LeRoy Frasier, a Durham native who was one of the first black undergraduate students to attend UNC, died on Dec. 29, in New York City due to heart failure. He was 80 years old.
Joseph Jordan, director of UNC’s Sonja Haynes Stone Center for Black Culture and History, said LeRoy Frasier’s contributions to UNC affect every student and faculty member.
“LeRoy Frasier represented a long, unbroken line of purposeful activists who never wavered when called to challenge injustice in all of its forms, including segregation in higher education,” Jordan said. “Every student who passes through the halls of UNC-Chapel Hill, and each and every faculty member and staff person, should understand the meaning of the sacrifices made by LeRoy Frasier, his brother Ralph and John Brandon.

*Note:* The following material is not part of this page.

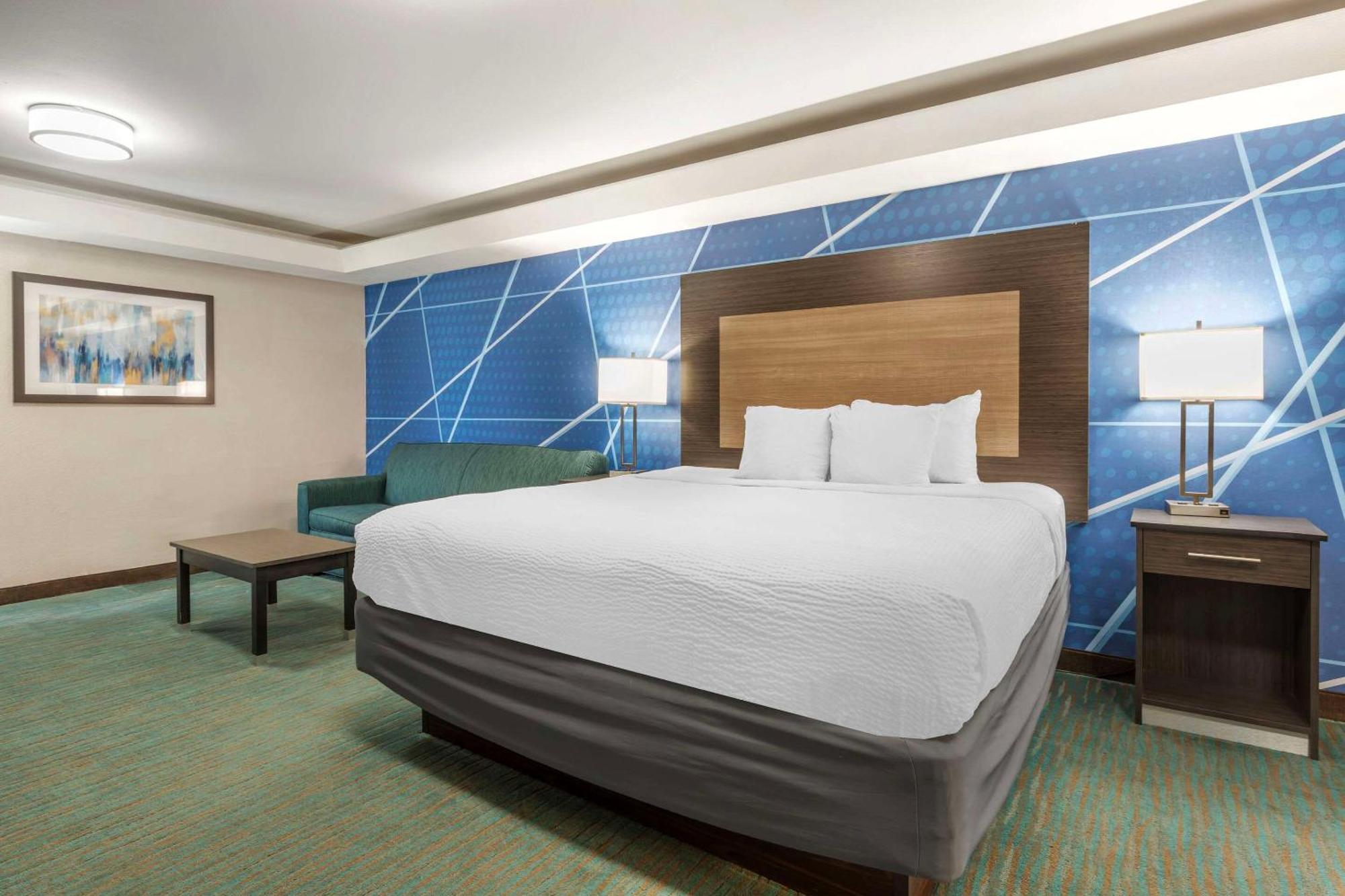 Comfort Inn Dallas North Love Field Airport Bagian luar foto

Their selfless actions provided the foundation for all that is good about this University today, and all that challenges us to be even better than we think we are.”
LeRoy Frasier, his brother Ralph and friend John Lewis Brandon were students at Durham’s all-black Hillside High School. They challenged UNC’s separate but equal admissions policy in 1955, when they applied to UNC but were rejected. At the time, the UNC Board of Trustees stated it was due to the students’ ability to attend a Black college in the state.
The three filed a suit against the BOT, on the grounds that separate but equal colleges were unconstitutional under the 1954 United States Supreme Court case, Brown v. Board of Education.